Una guerra biológica a pequeña escala

Para poner a prueba la nueva alianza hombre-hongo contra las hormigas loca leonadas el equipo de LeBrun desplegó el patógeno tras recibir la llamada del Parque Estatal Estero Llano Grande, en Weslaco, Texas. El parque estaba perdiendo sus insectos, escorpiones, serpientes, lagartijas y pájaros a gran velocidad a causa de las hormigas locas leonadas. Incluso las crías de conejo estaban siendo cegadas en sus propias madrigueras debido al efecto del ácido segregado por las cohortes de Nylanderia fulva.

“El parque sufrió una auténtica infestación de hormigas locas y fue apocalíptica: ríos de hormigas subiendo y bajando por cada árbol”, cuenta el investigador. "No estábamos realmente preparados para comenzar con un proceso experimental de este tipo, pero pocas más cosas podíamos hacer que intentarlo", añade.

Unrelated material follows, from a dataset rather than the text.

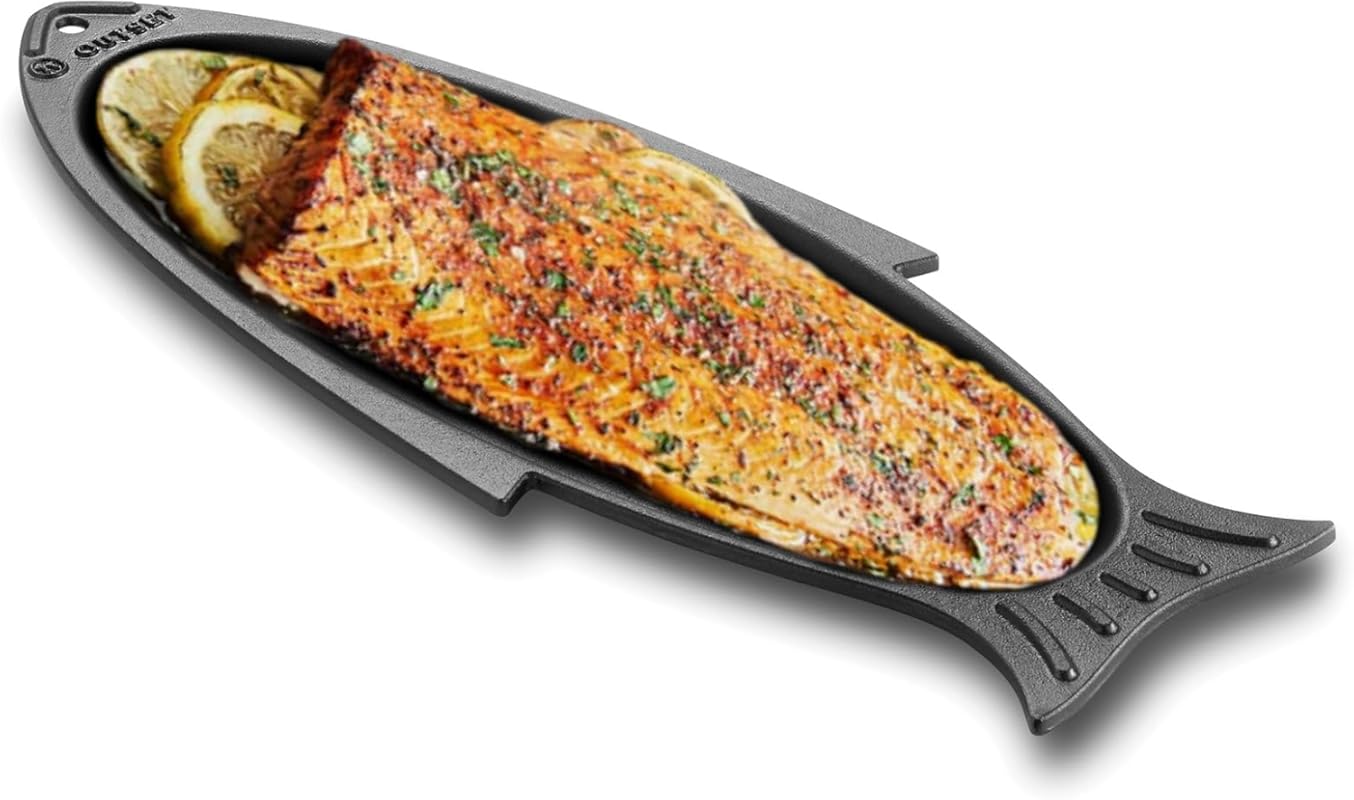 Outset 76376 Black Cast Iron Fish Grill and Serving Pan, Durable 18.9-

Una hormiga loca leonada obrera - Nylanderia fulva

Una hormiga loca leonada obrera - Nylanderia fulva

Foto: Michael Bentley / Cc

Empleando hormigas de otros lugares ya infectados con el patógeno microsporidiano, los investigadores colocaron hormigas infectadas en cajas nido cerca de otras colonias de hormigas locas en el parque estatal. Colocaron cebos alrededor de las cajas para atraer a las hormigas locales y fusionar las ambas poblaciones, la sana y la infectada, con Myrmecomorba nylanderiae. El experimento fue un éxito rotundo.

Durante el primer año, la enfermedad se propagó a toda la población de hormigas locas de Estero. En dos años, sus números se desplomaron. Ahora, las hormigas locas leonadas están ausentes en todo el territorio del parque y las especies nativas están progresivamente regresando a la zona. Desde entonces, los investigadores han erradicado una segunda población de hormigas locas en otra localidad y esta primavera planean probar su nuevo enfoque de control biológico en otros hábitats sensibles de Texas infestados de hormigas locas en lo que podría ser el principio del fin de esta especie invasora en Estados Unidos.